Blogs > Liberty and Power > Dumbing Down the Charge of Rape

Jun 8, 2011 4:26 am


Dumbing Down the Charge of Rape



Dumbing Down the Charge of RapeOriginally posted this morning at the Freeman Online. TO LEAVE A COMMENT please click here. I will be visiting the comment section of this article several times today to respond.

On April 4 the U.S. Department of Education’s Office for Civil Rights (OCR) instructed every college and university that accepts federal funds directly or through student loans – that is, virtually every institution of higher learning in the country – to use the “preponderance of the evidence” standard when adjudicating on-campus accusations of sexual harassment and sexual assault rather than the “beyond a reasonable doubt” standard used in criminal courts.

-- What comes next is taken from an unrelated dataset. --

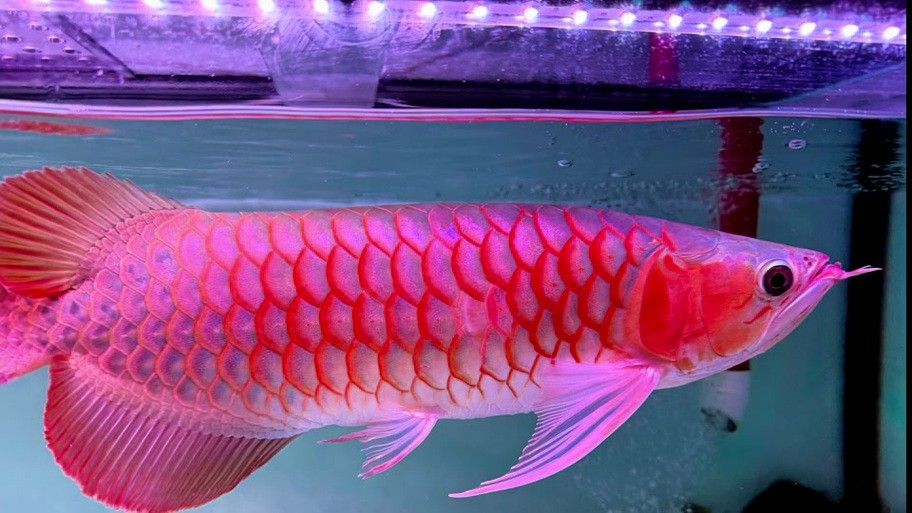 龍魚發色燈多久換一次，有哪些品牌的龍魚發色燈推薦？，魚發色燈的功率選擇取決于多個因素包括魚缸的大小、龍魚的種類和大小以及你想要的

College administrators have long been criticized for not respecting the due-process rights of accused students during such adjudications. Now the OCR wants administrators to go even further. The stakes are high for an accused, who is typically male. His academic career, reputation, and future job prospects can be shattered by a guilty verdict. But more than this, it is common for the police to become involved during or after an adjudication. Thus the accused risks criminal charges for which the college process can constitute supporting evidence.

Under OCR policy, students accused of serious crimes will be judged by the civil court standard of proof according to which a plaintiff’s evidence need only “tip the scales” rather than the higher criminal court standard according to which a defendant must be proved guilty beyond a reasonable doubt. In other words, a student accused of sexual assault will be judged by the same lawsuit yardstick used to assess whether he was responsible for a fender bender or back rent.

Protecting Hypothetical Victims

A common argument for lowering the standard of proof is that it’s necessary to encourage future victims to come forward. In other words, when the due-process rights of real persons are pitted against hypothetical future victims, the hypothetical victims win.

Mainstream feminism deserves much of the credit … or infamy for this change. In the 1990s mainstream feminist groups began to actively promote use of civil courts in sexual assault cases. The Listening Ear — the oldest all-volunteer crisis center in America — distributes the pamphlet “Pressing Charges in Civil Court” (pdf), which advises, “The civil court is an alternative to criminal charges.” It is a way to impose penalties on an accused’s pocketbook and reputation even if the accusation is not supportable in criminal court. This is now an accepted practice.

Moreover, because criminal and civil courts are based on distinct paradigms of law and address different matters, an accuser can pursue both approaches without tripping over double jeopardy.

Different Standards

Criminal law deals with offenses deemed to be committed against “the people” and justifying punishment by imprisonment, at least in more serious cases. Thus due process and high standards of evidence are required.

Civil law deals with wrong against individuals, including breaches of contract and torts. Civil penalties are generally financial and are intended as restitution. Thus a far lower standard of proof and due process exists.

“Pressing Charges in Civil Court” notes the lower standard as a particular advantage in rape cases, which often amount to “the defendant’s word against the plaintiff’s … with no other witnesses.” Another advantage: “[A] civil case does not require a unanimous [jury] decision in favor of the plaintiff”; civil jury trials only require only nine of 12 jurors to agree. Moreover, “civil court allows you to sue any third party … for contributing to the rape.” For example, an employer who did take a prior complaint seriously could be liable. The purpose here is not merely to deepen the pockets of defendants but also to “force” third parties “to take sexual assault more seriously.”

The pamphlet cites “successful” civil court cases dating from the mid-1990s — the time when the practice of lowering standards and “believing the victim” began to gain traction, especially academia.

The trend will not change easily. For one thing, the accuser is not the only beneficiary. Another beneficiary is the adjudicating authority itself. College bodies that sit in judgment of students accused of sexual assault have been officially freed from the restraints of hard evidence. Authorities tend to jealously guard their own power.

College has just become more dangerous for males.